冒頭で挙げたNotebookLMにしても、リサーチのための「AIの賢さ」だけでいえば、GPT-o3やClaude 3.7 Sonnetの方が上であるようにも思う。しかし、サービスとしてのユーザーエクスペリエンスが(少なくとも筆者にとっては)NotebookLMの方が優れているので、こちらを使っている。
メールやスケジュールの連動では逆だ。本来Googleの方が圧倒的に有利なのに、AIの賢さゆえか、Claudeを併用することになっている。
筆者にとっては、「情報をまとめてサポートしてもらう」ことはAIに助けてもらった方がいいが、「良い原稿を書く」という意味ではAIはまだ役に立たない。そもそも、文章を書くのが好きでライターをやっているところがあるので、そこをAIに任せたくない……というところもある。
同じライターでも考え方が違う人はいるだろう。
現状、生成AIが最も有効なのは「ソフト開発」だと思う。その場合、CursorやWindsurfなどのAI連動エディターは、もっと幅広く使えるだろう。前出のManusも同様だ。
リサーチやレポートを作るのが仕事ならまた別の発想があるだろう。
その人がなににAIを使うかは自由だ。
一方冒頭で述べたように、企業のルールがそれを縛る部分はある。そこでいかに柔軟性を維持し、「まだ見えていないAIの適切な活用方法」を見つけ出せる土台とする必要がある。そのため、ここ数年で「自由に社員にAIを使わせる」企業が増えた。
基盤モデルによる違いやサービス構築の試行錯誤が想定外に幅広く、想定よりも正解が出にくい状況にはあると思う。

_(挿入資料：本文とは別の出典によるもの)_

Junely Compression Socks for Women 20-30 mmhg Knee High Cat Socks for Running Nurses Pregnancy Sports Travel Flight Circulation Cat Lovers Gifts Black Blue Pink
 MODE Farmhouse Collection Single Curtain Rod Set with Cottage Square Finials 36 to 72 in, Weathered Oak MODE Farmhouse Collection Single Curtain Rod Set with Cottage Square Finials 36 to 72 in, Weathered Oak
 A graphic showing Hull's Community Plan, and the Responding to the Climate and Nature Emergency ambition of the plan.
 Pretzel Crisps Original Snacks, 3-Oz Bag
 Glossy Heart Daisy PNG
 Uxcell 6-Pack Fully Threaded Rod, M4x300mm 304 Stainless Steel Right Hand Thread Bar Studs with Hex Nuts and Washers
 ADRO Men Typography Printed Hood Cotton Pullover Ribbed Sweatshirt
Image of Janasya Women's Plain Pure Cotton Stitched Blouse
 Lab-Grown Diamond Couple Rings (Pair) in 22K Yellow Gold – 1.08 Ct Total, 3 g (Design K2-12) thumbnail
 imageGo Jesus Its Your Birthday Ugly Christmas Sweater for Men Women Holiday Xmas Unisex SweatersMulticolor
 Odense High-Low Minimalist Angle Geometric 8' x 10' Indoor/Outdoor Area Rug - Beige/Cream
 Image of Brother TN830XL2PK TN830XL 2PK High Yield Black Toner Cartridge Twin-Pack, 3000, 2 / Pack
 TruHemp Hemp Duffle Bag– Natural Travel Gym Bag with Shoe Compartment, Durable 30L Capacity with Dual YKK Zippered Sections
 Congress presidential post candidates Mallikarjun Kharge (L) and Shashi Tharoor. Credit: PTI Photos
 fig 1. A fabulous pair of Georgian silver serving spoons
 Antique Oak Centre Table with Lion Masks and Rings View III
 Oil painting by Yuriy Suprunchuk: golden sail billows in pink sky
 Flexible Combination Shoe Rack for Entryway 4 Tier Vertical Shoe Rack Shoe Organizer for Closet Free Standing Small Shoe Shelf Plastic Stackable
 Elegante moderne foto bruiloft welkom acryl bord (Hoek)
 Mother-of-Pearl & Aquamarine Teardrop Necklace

AIの進化でツールがコロコロ変わることを考えると、特定のサービスにデータをロックインされるべきでない……という話もある。
例えばNotebookLMは、登録したソースやノートを外に書き出せない。これは非常に大きな欠点だ。だから取材メモ自体は別のファイルでちゃんと保存してある。
こうした部分もまた、サービスを選ぶ上では重要な要素にもなる。
筆者の使い方が、この辺の変化を読み解くヒントになれば幸いだ。